Un piano spietato e studiato nei dettagli
Secondo la ricostruzione degli inquirenti, l’omicidio è avvenuto il 25 luglio, alla vigilia della presunta partenza per la Colombia. Le due donne avrebbero dapprima tentato di narcotizzarlo con un farmaco sciolto nella limonata, ma l’effetto non sarebbe stato sufficiente. A quel punto, Lorena, infermiera di professione, avrebbe iniettato una dose massiccia di insulina al figlio, già stordito. Poi il soffocamento: prima a mani nude, poi con dei lacci da scarpe utilizzati per strangolarlo. Una volta morto, il corpo è stato fatto a pezzi, diviso in tre parti, e nascosto in un bidone, ricoperto di calce viva, acquistata online nei giorni precedenti. Un dettaglio che fa pensare a una pianificazione meticolosa, e non certo a un gesto d’impulso.

La madre resta in carcere, scarcerata la compagna
Dopo l’interrogatorio, il Gip ha convalidato l’arresto e la detenzione in carcere per Lorena Venier, che resterà rinchiusa nel penitenziario di Trieste. Diversa invece la sorte della compagna, Mailyn Castro Monsalvo, per la quale è stata disposta la scarcerazione con affidamento a una struttura protetta a Venezia. Pur avendo convalidato l’arresto, il giudice ha accolto l’istanza della difesa che invocava la norma, entrata in vigore nell’aprile scorso, sulla custodia attenuata per le madri con figli di età inferiore a un anno.
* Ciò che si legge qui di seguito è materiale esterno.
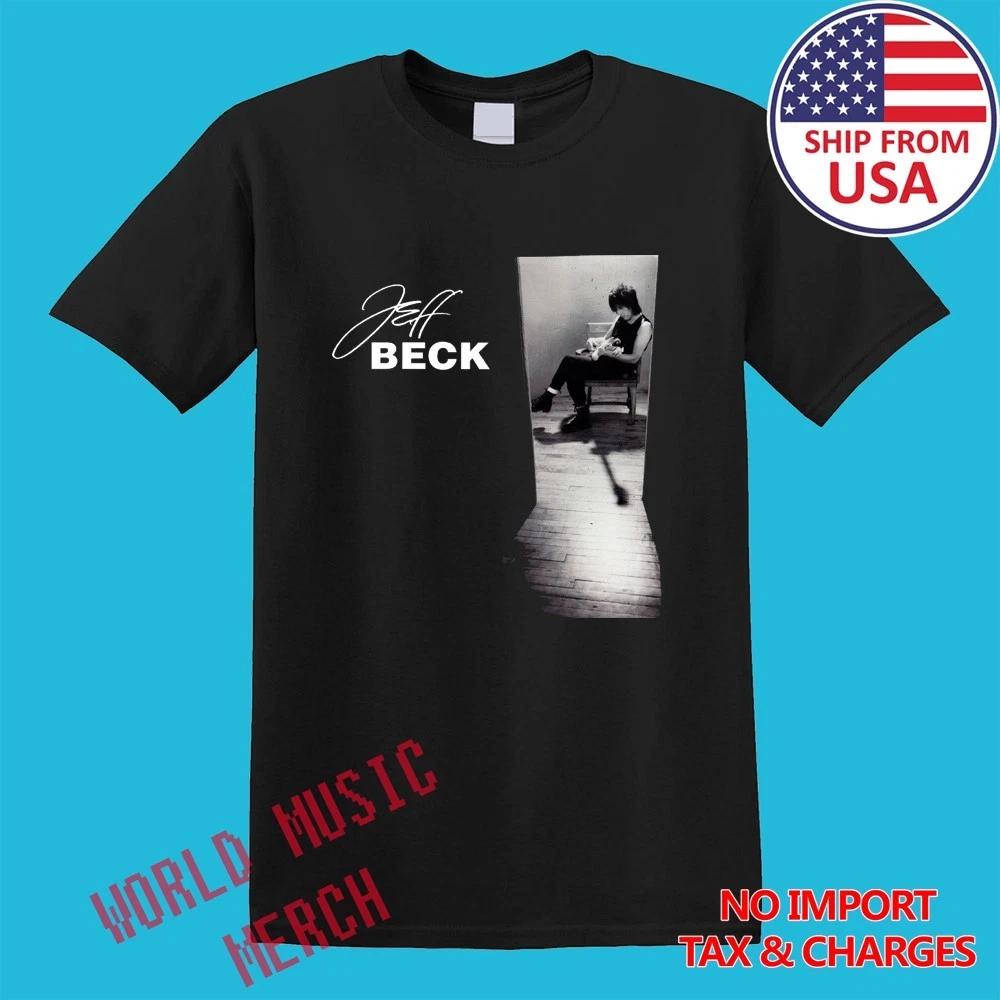

Jeff Beck Men s Black Size S-5XL M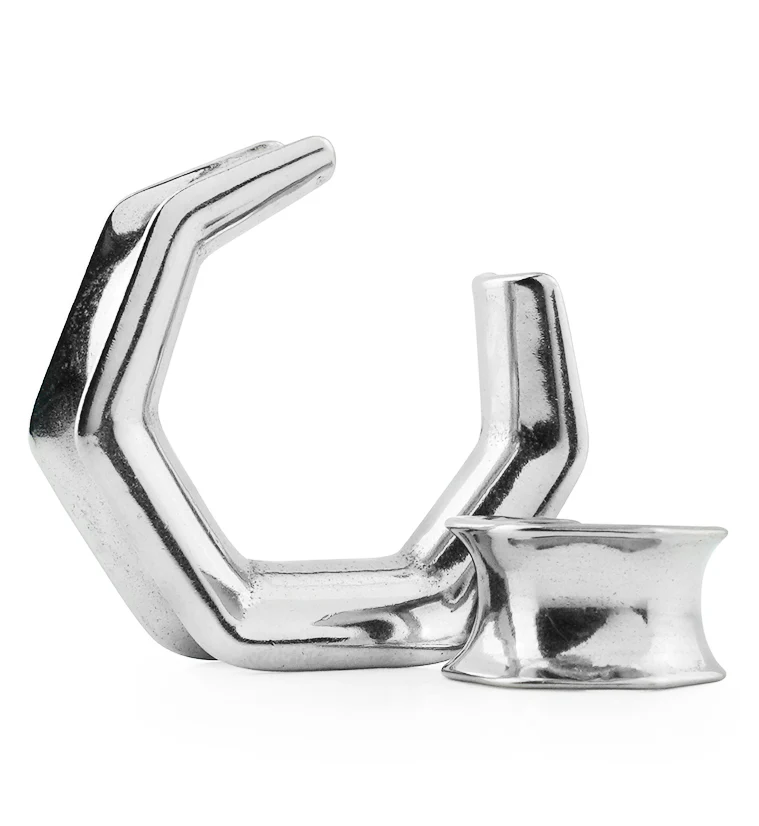 Hex Stainless Steel Saddles - Mrs Treak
La donna, madre della bambina avuta da Venier, potrà dunque continuare ad occuparsi della figlia in una struttura idonea.
Una storia che lascia attoniti, non solo per la violenza con cui si è consumata, ma per il paradosso tragico in cui si sono intrecciati rancori familiari, amore malato e un disperato desiderio di fuga. Un epilogo che ha portato alla morte di un uomo e al crollo definitivo di un’intera famiglia.